On Fri, 2011-01-28 at 09:41 -0500, Chuck Anderson wrote:
On Fri, Jan 28, 2011 at 09:27:43AM -0500, Matthias Clasen wrote:
> On Fri, 2011-01-28 at 09:20 -0500, Chuck Anderson wrote:
>
> >
> > If we are not there yet, then why don't we wait until F16 for Gnome
> > 3/Gnome Shell? I see this as being exactly the same as the situation
> > was with systemd--it wasn't polished in time for F14, so it had to
> > wait until F15. Why should Gnome be any different? Why should the
> > users have to put up with a half-baked user experience for F15?
>
> Lack of extensions != half-baked user experience. GNOME 3 will give you
> a fully baked, crip user experience without extensions...

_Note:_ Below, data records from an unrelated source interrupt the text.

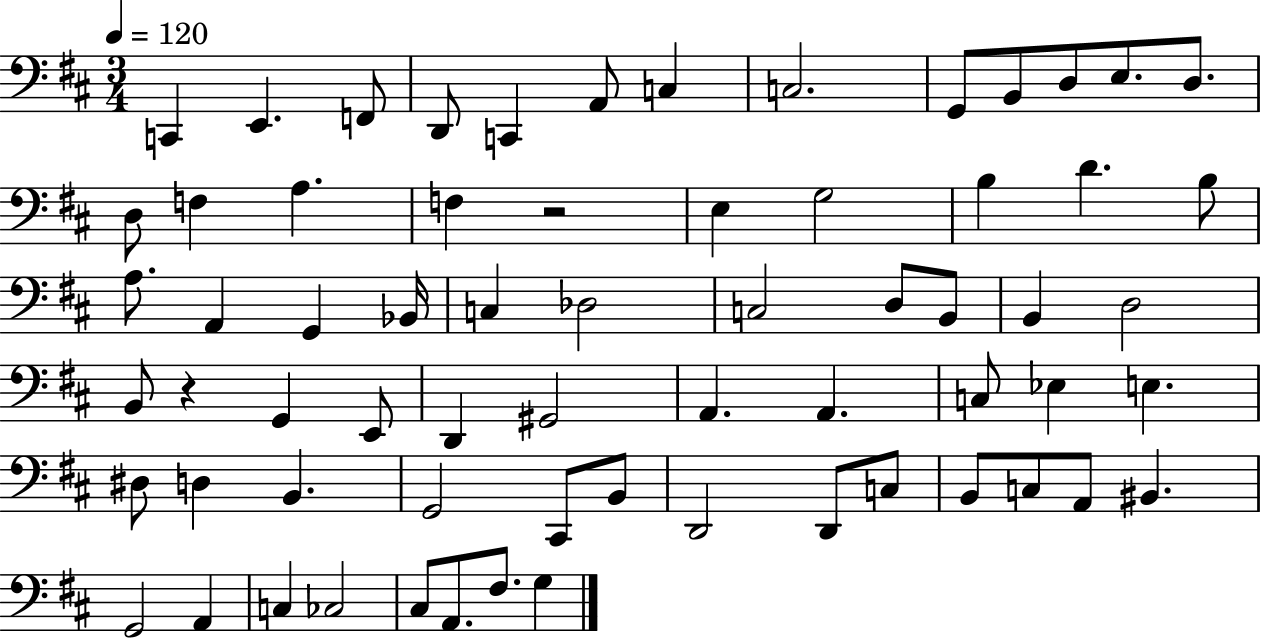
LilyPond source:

{
  \clef bass
  \numericTimeSignature
  \time 3/4
  \key d \major
  \tempo 4 = 120
  \repeat volta 2 { c,4 e,4. f,8 | d,8 c,4 a,8 c4 | c2. | g,8 b,8 d8 e8. d8. | \break d8 f4 a4. | f4 r2 | e4 g2 | b4 d'4. b8 | \break a8. a,4 g,4 bes,16 | c4 des2 | c2 d8 b,8 | b,4 d2 | \break b,8 r4 g,4 e,8 | d,4 gis,2 | a,4. a,4. | c8 ees4 e4. | \break dis8 d4 b,4. | g,2 cis,8 b,8 | d,2 d,8 c8 | b,8 c8 a,8 bis,4. | \break g,2 a,4 | c4 ces2 | cis8 a,8. fis8. g4 | } \bar "|."
}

Thanks, good to know. Sorry for my scepticism. Now that you've reset
my expectations, I'll try it out during the Test Days to make sure
there are no regressions in user experience & capabilities compared to
gnome-panel/nautilus and Gnome 2.
Let me reset your expectations some more.

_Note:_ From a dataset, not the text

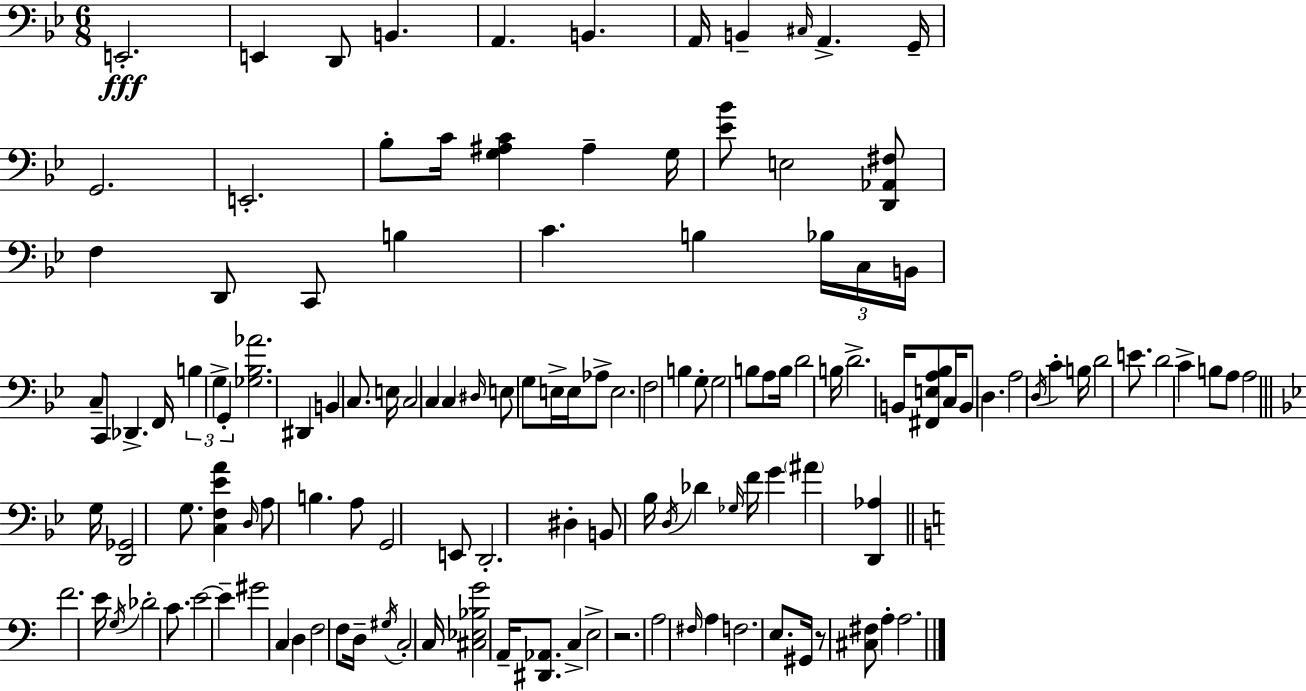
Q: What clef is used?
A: bass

There will be big changes in the user experience - thats the whole
reason why we are working very hard to get GNOME3 done. And some of
these changes will certainly be perceived as regressions by some people
- if you have had your stock ticker in the upper right corner for 10
years, then that is a very understandable reaction to decry the
disappearance of applets.
What you should expect from GNOME 3.0 as a user is a fully functional
desktop. What you should expect from it as a developer is a good
platform to build on for 3.2 and so on.
But a feature-by-feature and per-ui-detail comparison of GNOME 2.32 and
3.0 does not really make sense. The difference in the minor version
numbers should make clear: GNOME 2 has had 16 revisions to build up UI
details and features; GNOME 3 is just starting out.